**WHAT IS REQUIRED:** Note each line in the data holding the string "verde" and report it.

(Crawled caption data)
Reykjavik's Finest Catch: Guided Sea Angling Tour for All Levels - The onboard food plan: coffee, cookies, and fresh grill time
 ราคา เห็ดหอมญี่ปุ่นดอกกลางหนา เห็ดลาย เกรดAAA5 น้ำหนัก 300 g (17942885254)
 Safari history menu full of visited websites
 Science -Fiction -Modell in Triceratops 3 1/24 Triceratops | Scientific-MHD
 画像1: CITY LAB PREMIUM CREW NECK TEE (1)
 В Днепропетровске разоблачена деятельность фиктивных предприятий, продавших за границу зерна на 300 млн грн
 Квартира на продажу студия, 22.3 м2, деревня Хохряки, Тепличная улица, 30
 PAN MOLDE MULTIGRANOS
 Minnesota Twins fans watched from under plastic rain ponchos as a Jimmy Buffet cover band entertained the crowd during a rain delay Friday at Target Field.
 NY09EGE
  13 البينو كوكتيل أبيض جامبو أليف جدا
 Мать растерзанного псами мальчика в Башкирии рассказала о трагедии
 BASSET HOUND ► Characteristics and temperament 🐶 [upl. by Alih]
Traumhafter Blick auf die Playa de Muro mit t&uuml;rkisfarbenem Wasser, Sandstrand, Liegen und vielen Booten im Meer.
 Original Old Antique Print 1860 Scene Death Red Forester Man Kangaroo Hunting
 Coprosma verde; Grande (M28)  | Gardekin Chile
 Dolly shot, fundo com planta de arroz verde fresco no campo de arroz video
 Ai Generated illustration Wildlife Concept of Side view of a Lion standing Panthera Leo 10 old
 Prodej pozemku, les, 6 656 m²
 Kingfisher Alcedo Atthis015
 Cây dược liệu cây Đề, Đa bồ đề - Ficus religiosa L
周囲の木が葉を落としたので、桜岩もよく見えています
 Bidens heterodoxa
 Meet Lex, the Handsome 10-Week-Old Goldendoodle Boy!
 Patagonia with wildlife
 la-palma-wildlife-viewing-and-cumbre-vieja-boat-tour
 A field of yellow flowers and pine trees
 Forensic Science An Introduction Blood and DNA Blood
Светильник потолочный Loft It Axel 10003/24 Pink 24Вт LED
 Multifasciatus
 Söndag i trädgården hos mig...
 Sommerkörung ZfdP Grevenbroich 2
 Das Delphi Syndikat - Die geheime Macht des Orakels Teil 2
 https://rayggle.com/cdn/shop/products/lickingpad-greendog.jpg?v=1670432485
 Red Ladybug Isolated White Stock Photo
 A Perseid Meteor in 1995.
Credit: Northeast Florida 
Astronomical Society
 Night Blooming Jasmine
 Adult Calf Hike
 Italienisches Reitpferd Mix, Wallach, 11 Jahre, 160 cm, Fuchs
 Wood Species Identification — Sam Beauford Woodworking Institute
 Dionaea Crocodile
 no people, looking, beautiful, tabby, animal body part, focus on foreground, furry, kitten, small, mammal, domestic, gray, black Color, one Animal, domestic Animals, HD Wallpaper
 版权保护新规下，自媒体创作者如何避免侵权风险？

**EXERCISE OUTPUT:**
 Coprosma verde; Grande (M28)  | Gardekin Chile
 Dolly shot, fundo com planta de arroz verde fresco no campo de arroz video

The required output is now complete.